# Task requirements
Would you retype the listing below word for word, without any of its pictures?

===== Supplied data

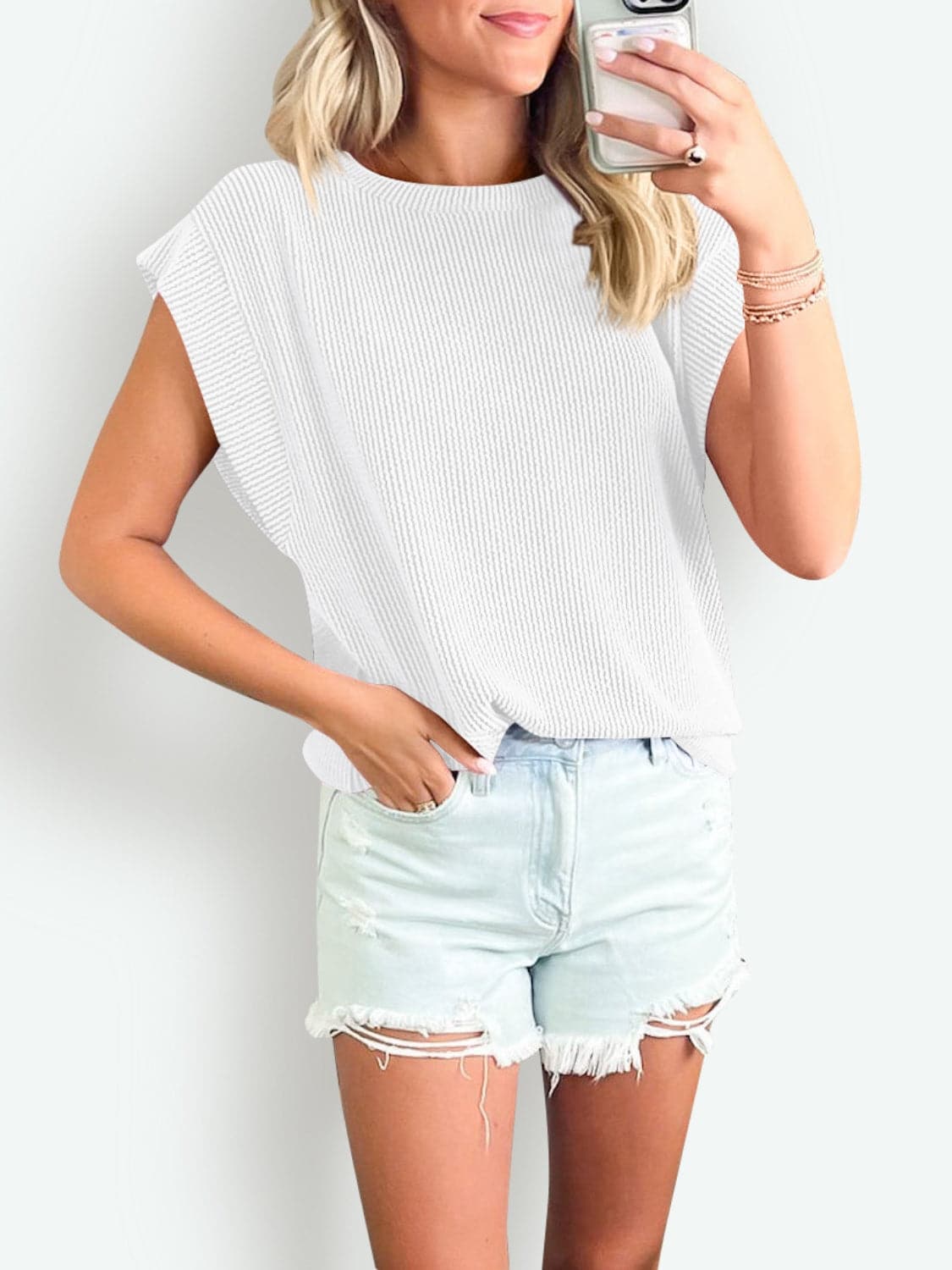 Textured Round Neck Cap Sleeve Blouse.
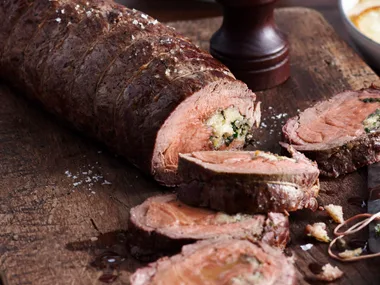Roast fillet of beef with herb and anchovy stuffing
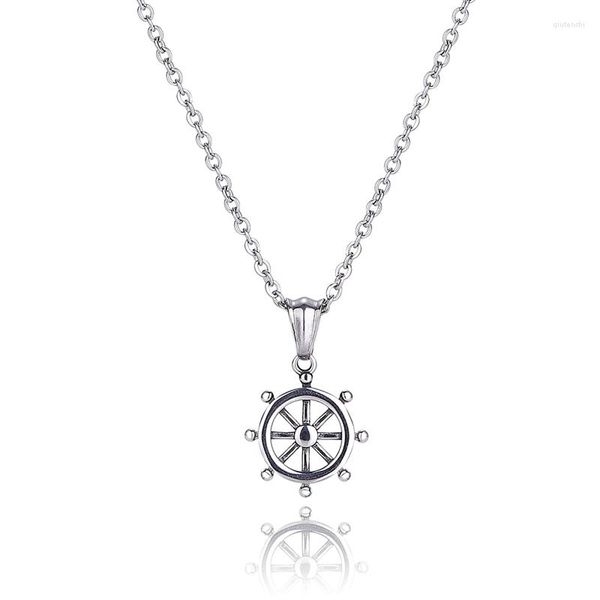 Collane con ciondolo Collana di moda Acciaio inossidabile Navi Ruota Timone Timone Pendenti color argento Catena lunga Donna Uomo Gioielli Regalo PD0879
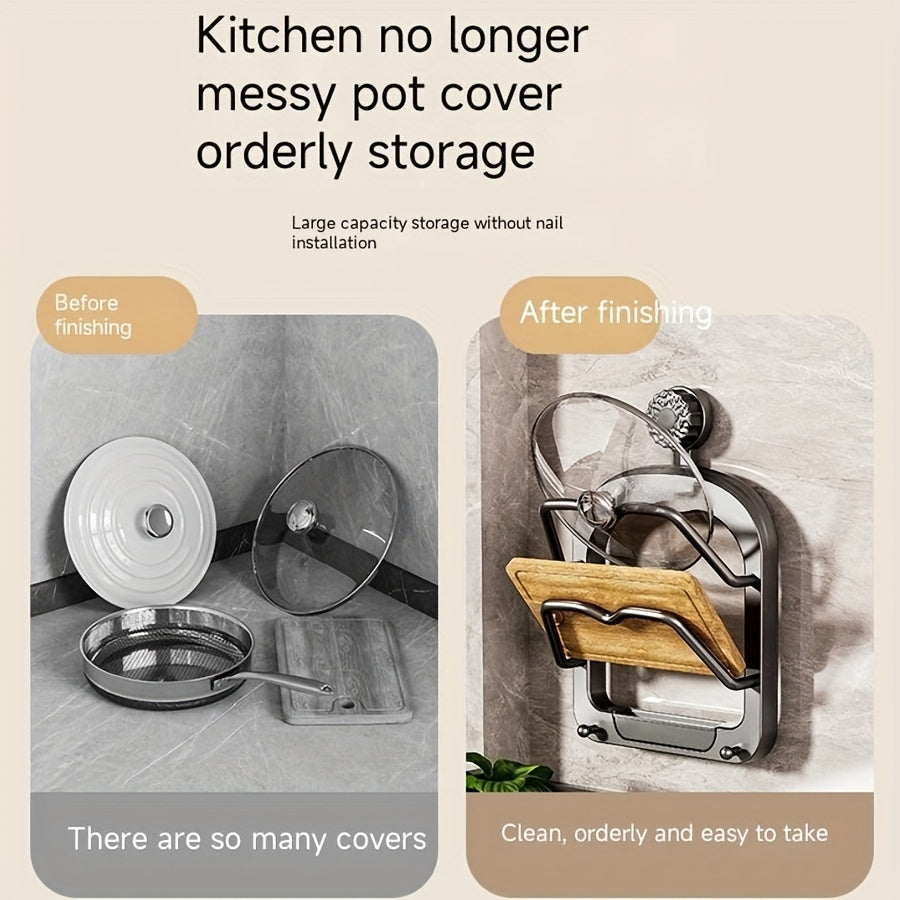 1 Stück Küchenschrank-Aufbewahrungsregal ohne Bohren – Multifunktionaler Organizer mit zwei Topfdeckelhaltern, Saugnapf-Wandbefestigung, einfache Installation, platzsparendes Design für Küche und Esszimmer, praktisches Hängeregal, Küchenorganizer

==========

# Answer for the task
 Textured Round Neck Cap Sleeve Blouse.
Roast fillet of beef with herb and anchovy stuffing
 Collane con ciondolo Collana di moda Acciaio inossidabile Navi Ruota Timone Timone Pendenti color argento Catena lunga Donna Uomo Gioielli Regalo PD0879
 1 Stück Küchenschrank-Aufbewahrungsregal ohne Bohren – Multifunktionaler Organizer mit zwei Topfdeckelhaltern, Saugnapf-Wandbefestigung, einfache Installation, platzsparendes Design für Küche und Esszimmer, praktisches Hängeregal, Küchenorganizer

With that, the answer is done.